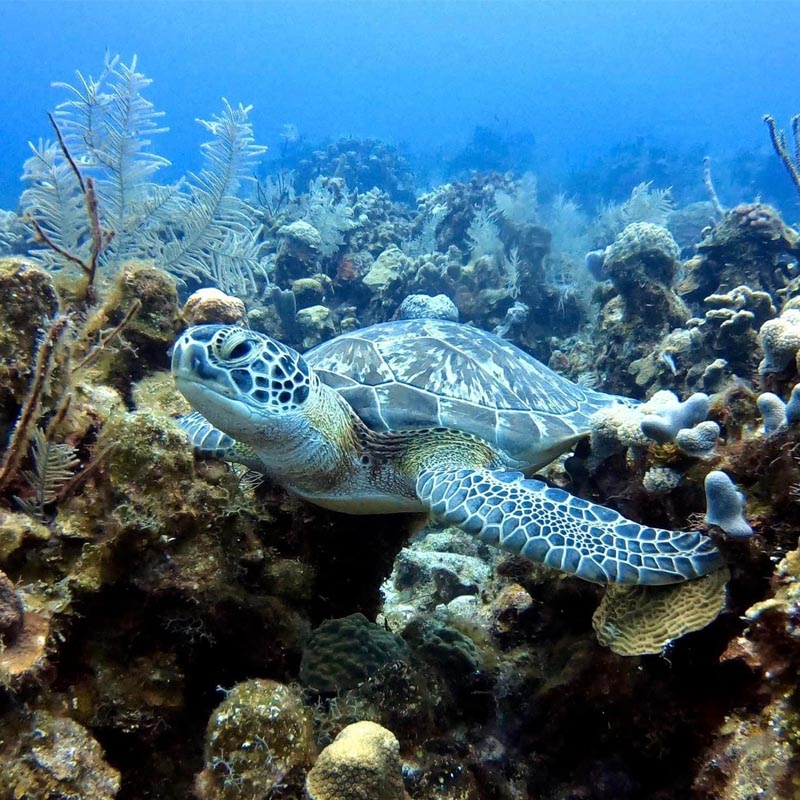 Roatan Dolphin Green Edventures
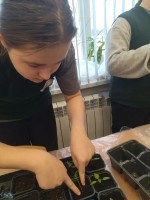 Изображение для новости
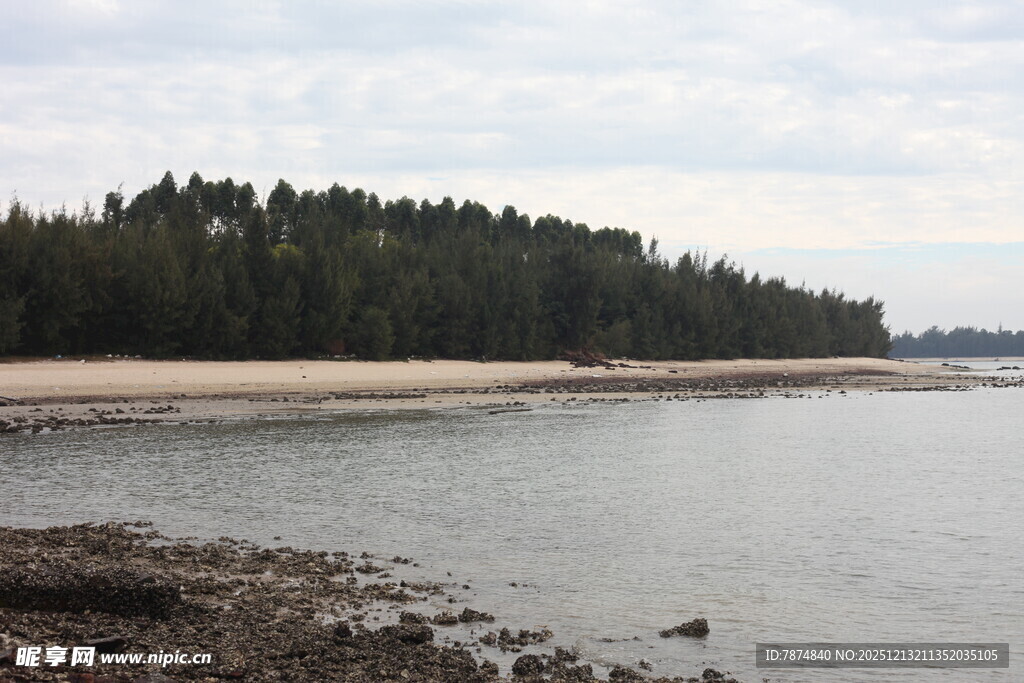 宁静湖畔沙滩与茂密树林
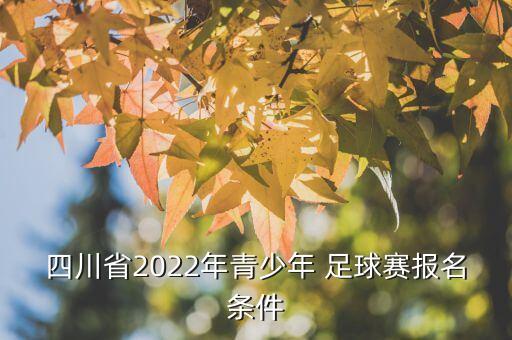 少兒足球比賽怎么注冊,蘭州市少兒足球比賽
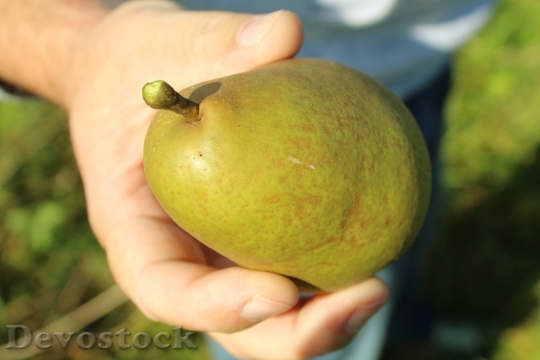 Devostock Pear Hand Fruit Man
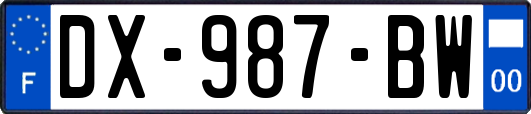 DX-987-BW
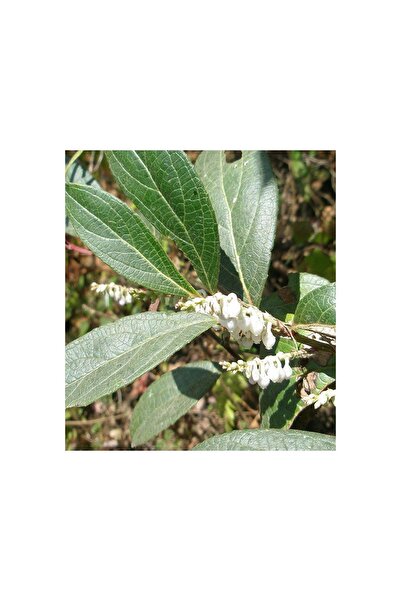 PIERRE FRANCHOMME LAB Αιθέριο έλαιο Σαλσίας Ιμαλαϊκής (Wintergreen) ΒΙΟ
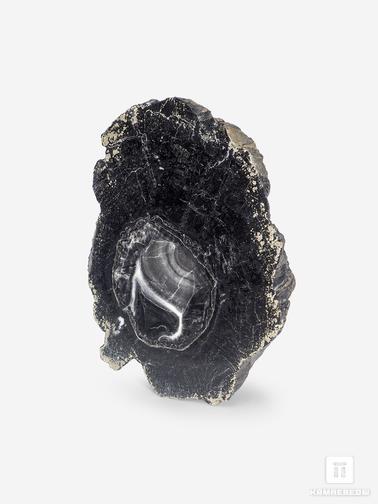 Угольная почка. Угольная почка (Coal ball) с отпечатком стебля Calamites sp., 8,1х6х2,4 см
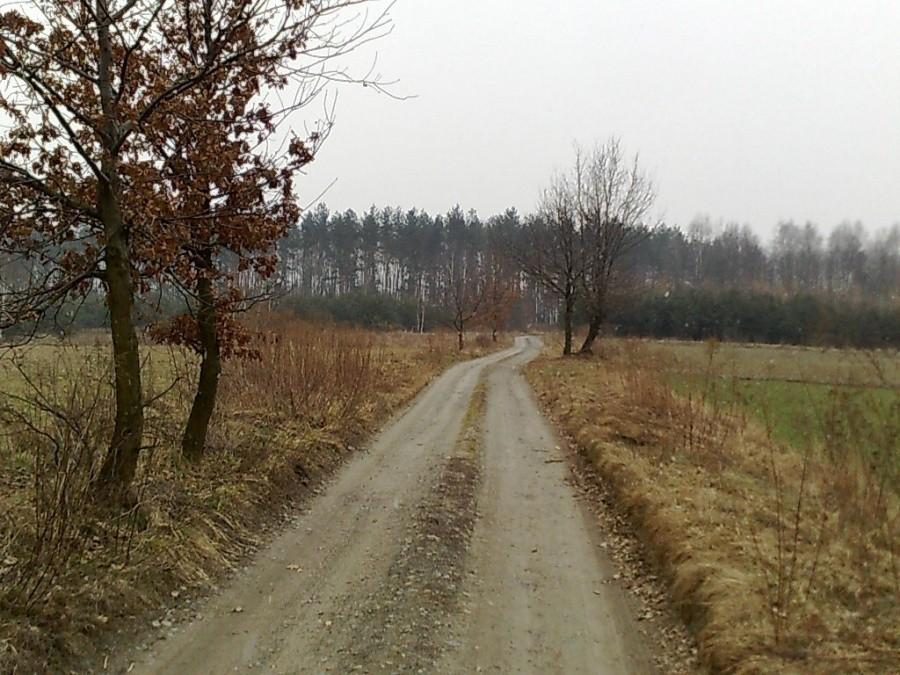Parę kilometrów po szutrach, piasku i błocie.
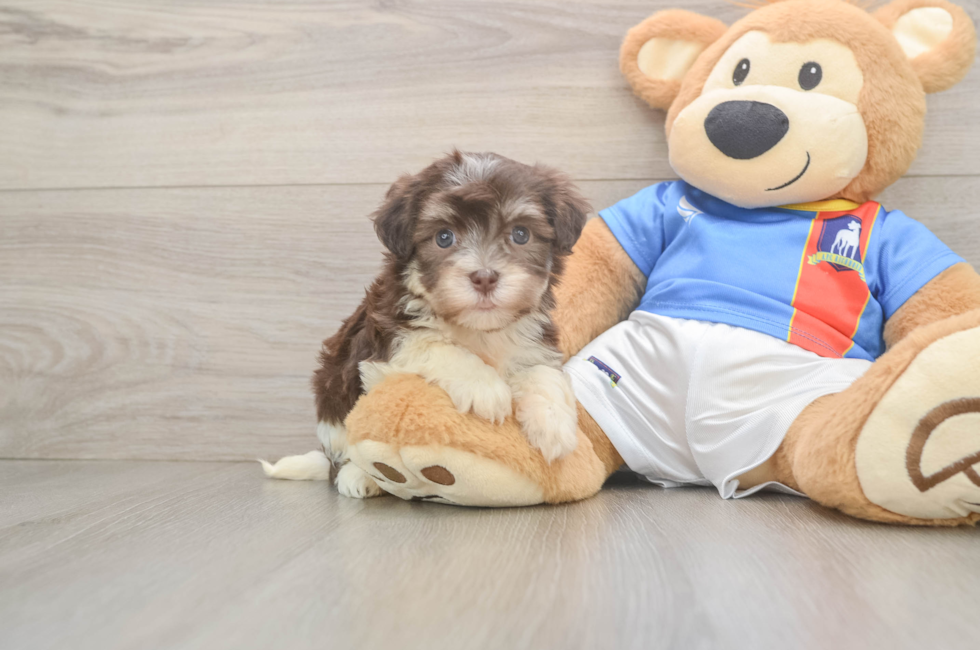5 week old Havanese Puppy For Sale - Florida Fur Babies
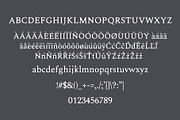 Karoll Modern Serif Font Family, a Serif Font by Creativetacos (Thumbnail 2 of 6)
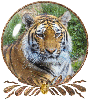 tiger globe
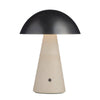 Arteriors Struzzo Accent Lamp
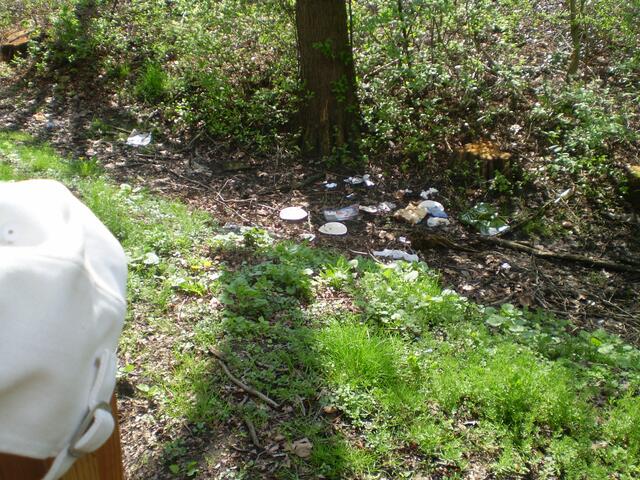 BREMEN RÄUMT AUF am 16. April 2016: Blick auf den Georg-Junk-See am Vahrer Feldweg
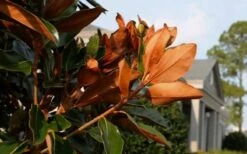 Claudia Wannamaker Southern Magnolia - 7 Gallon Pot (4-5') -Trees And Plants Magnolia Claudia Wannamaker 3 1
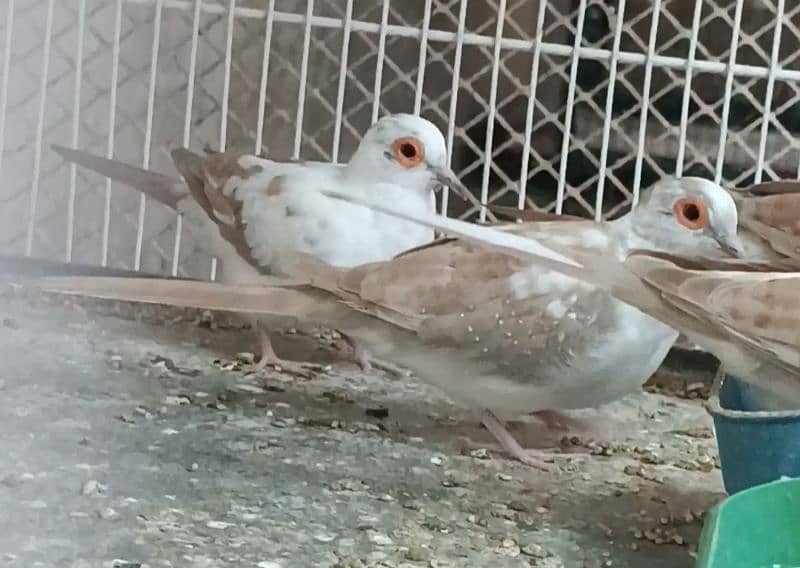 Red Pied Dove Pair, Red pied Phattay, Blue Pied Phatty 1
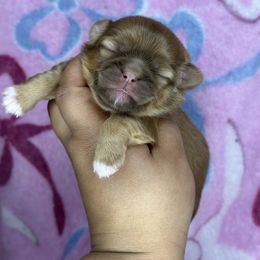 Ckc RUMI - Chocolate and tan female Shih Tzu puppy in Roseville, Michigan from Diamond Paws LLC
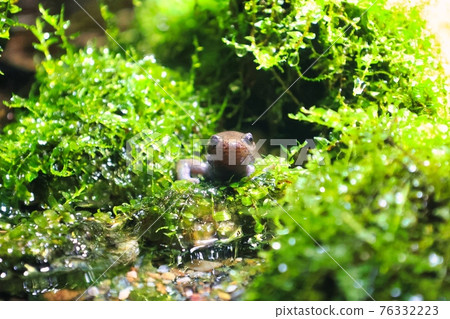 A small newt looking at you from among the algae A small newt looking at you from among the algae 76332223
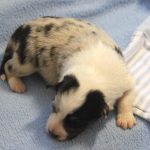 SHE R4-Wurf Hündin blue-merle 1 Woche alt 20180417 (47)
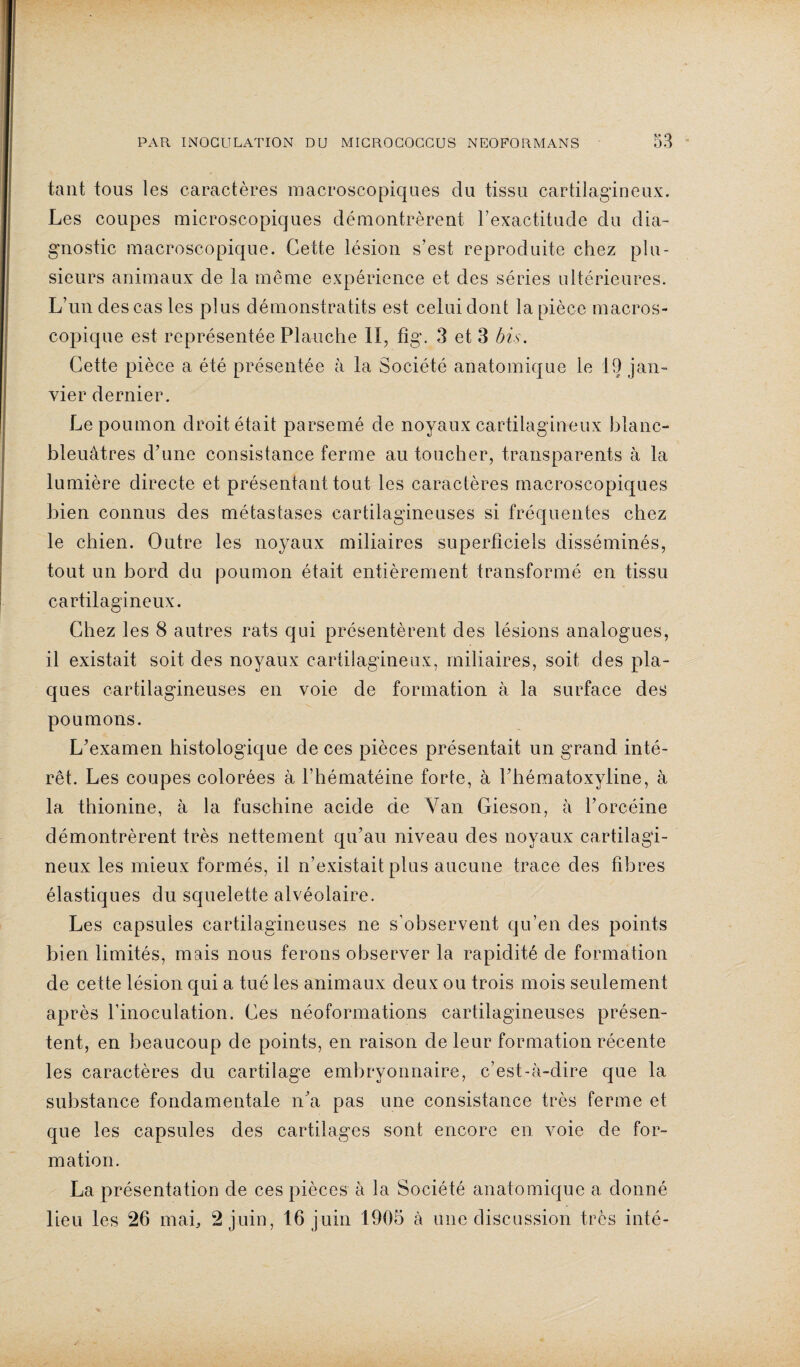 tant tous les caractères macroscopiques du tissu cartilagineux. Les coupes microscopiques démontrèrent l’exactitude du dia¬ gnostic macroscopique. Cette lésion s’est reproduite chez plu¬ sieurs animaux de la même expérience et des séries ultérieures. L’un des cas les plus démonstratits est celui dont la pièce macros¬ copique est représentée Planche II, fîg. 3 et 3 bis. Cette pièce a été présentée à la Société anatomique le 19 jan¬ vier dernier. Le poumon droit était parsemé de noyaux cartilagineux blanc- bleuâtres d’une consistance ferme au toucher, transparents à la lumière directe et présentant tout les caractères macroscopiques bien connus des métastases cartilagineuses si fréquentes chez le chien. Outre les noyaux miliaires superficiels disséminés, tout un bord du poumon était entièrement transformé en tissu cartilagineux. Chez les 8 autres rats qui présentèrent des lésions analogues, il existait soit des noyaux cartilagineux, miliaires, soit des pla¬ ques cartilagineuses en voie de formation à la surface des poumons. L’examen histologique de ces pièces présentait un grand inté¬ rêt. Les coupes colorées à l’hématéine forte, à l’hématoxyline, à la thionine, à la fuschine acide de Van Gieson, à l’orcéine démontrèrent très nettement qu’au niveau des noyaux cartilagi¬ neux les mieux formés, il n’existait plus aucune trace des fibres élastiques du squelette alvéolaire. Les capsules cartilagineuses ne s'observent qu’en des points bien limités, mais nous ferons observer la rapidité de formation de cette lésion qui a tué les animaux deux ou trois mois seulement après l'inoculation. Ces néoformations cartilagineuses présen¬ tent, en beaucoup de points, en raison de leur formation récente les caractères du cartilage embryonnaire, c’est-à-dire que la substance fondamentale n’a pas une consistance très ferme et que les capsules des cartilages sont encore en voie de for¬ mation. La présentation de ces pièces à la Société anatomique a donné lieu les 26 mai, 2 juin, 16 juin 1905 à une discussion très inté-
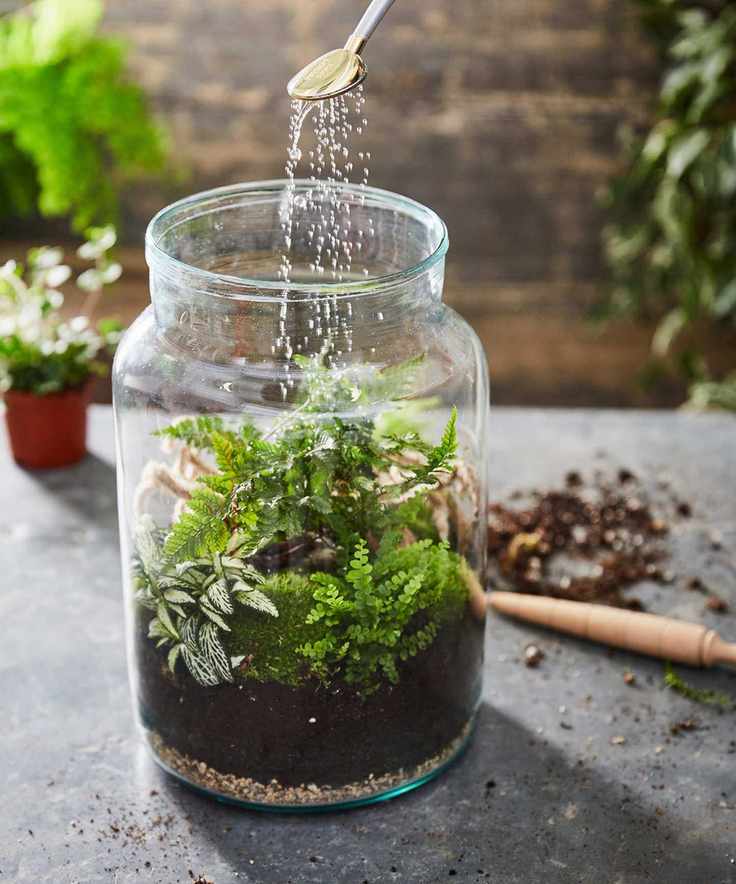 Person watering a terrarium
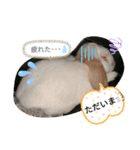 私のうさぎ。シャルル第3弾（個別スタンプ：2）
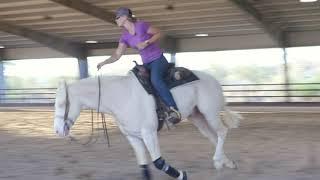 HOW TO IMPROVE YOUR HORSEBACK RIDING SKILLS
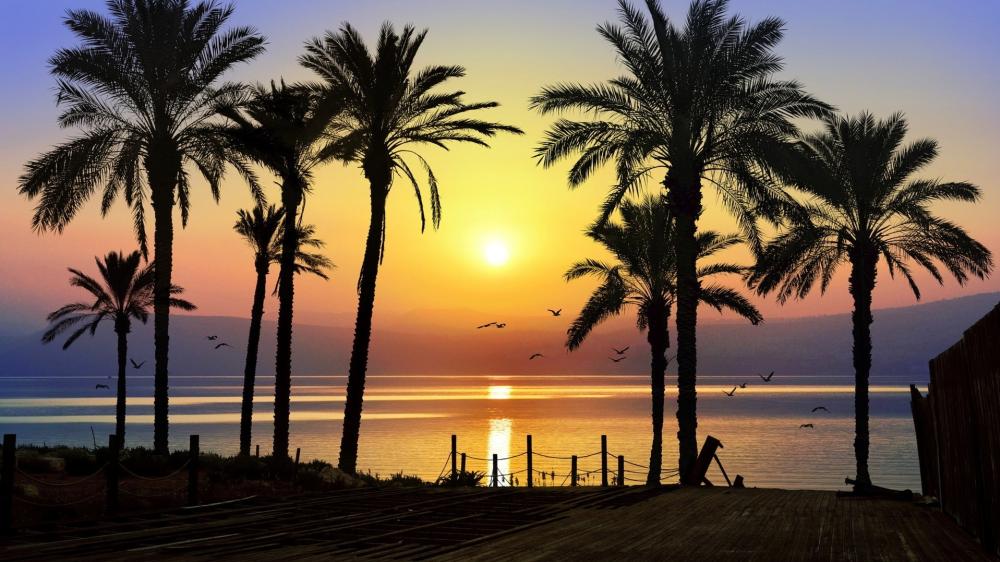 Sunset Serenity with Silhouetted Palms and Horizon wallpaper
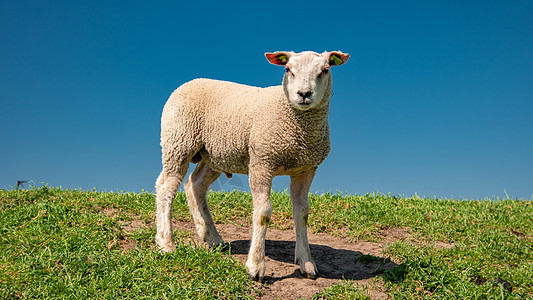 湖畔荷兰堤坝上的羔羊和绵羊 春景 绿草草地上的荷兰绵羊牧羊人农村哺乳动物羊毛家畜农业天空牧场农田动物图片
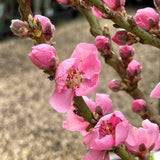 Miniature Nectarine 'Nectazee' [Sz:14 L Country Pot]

★ ★ ★ ★ ★

Omit the pictures, then copy out all the data exactly as it stands.

 Roatan Dolphin Green Edventures
 Изображение для новости
 宁静湖畔沙滩与茂密树林
 少兒足球比賽怎么注冊,蘭州市少兒足球比賽
 Devostock Pear Hand Fruit Man
 DX-987-BW
 PIERRE FRANCHOMME LAB Αιθέριο έλαιο Σαλσίας Ιμαλαϊκής (Wintergreen) ΒΙΟ
 Угольная почка. Угольная почка (Coal ball) с отпечатком стебля Calamites sp., 8,1х6х2,4 см
Parę kilometrów po szutrach, piasku i błocie.
5 week old Havanese Puppy For Sale - Florida Fur Babies
 Karoll Modern Serif Font Family, a Serif Font by Creativetacos (Thumbnail 2 of 6)
 tiger globe
 Arteriors Struzzo Accent Lamp
 BREMEN RÄUMT AUF am 16. April 2016: Blick auf den Georg-Junk-See am Vahrer Feldweg
 Claudia Wannamaker Southern Magnolia - 7 Gallon Pot (4-5') -Trees And Plants Magnolia Claudia Wannamaker 3 1
 Red Pied Dove Pair, Red pied Phattay, Blue Pied Phatty 1
 Ckc RUMI - Chocolate and tan female Shih Tzu puppy in Roseville, Michigan from Diamond Paws LLC
 A small newt looking at you from among the algae A small newt looking at you from among the algae 76332223
 SHE R4-Wurf Hündin blue-merle 1 Woche alt 20180417 (47)
 tant tous les caractères macroscopiques du tissu cartilagineux. Les coupes microscopiques démontrèrent l’exactitude du dia¬ gnostic macroscopique. Cette lésion s’est reproduite chez plu¬ sieurs animaux de la même expérience et des séries ultérieures. L’un des cas les plus démonstratits est celui dont la pièce macros¬ copique est représentée Planche II, fîg. 3 et 3 bis. Cette pièce a été présentée à la Société anatomique le 19 jan¬ vier dernier. Le poumon droit était parsemé de noyaux cartilagineux blanc- bleuâtres d’une consistance ferme au toucher, transparents à la lumière directe et présentant tout les caractères macroscopiques bien connus des métastases cartilagineuses si fréquentes chez le chien. Outre les noyaux miliaires superficiels disséminés, tout un bord du poumon était entièrement transformé en tissu cartilagineux. Chez les 8 autres rats qui présentèrent des lésions analogues, il existait soit des noyaux cartilagineux, miliaires, soit des pla¬ ques cartilagineuses en voie de formation à la surface des poumons. L’examen histologique de ces pièces présentait un grand inté¬ rêt. Les coupes colorées à l’hématéine forte, à l’hématoxyline, à la thionine, à la fuschine acide de Van Gieson, à l’orcéine démontrèrent très nettement qu’au niveau des noyaux cartilagi¬ neux les mieux formés, il n’existait plus aucune trace des fibres élastiques du squelette alvéolaire. Les capsules cartilagineuses ne s'observent qu’en des points bien limités, mais nous ferons observer la rapidité de formation de cette lésion qui a tué les animaux deux ou trois mois seulement après l'inoculation. Ces néoformations cartilagineuses présen¬ tent, en beaucoup de points, en raison de leur formation récente les caractères du cartilage embryonnaire, c’est-à-dire que la substance fondamentale n’a pas une consistance très ferme et que les capsules des cartilages sont encore en voie de for¬ mation. La présentation de ces pièces à la Société anatomique a donné lieu les 26 mai, 2 juin, 16 juin 1905 à une discussion très inté-
 Person watering a terrarium
 私のうさぎ。シャルル第3弾（個別スタンプ：2）
 HOW TO IMPROVE YOUR HORSEBACK RIDING SKILLS
 Sunset Serenity with Silhouetted Palms and Horizon wallpaper
 湖畔荷兰堤坝上的羔羊和绵羊 春景 绿草草地上的荷兰绵羊牧羊人农村哺乳动物羊毛家畜农业天空牧场农田动物图片
 Miniature Nectarine 'Nectazee' [Sz:14 L Country Pot]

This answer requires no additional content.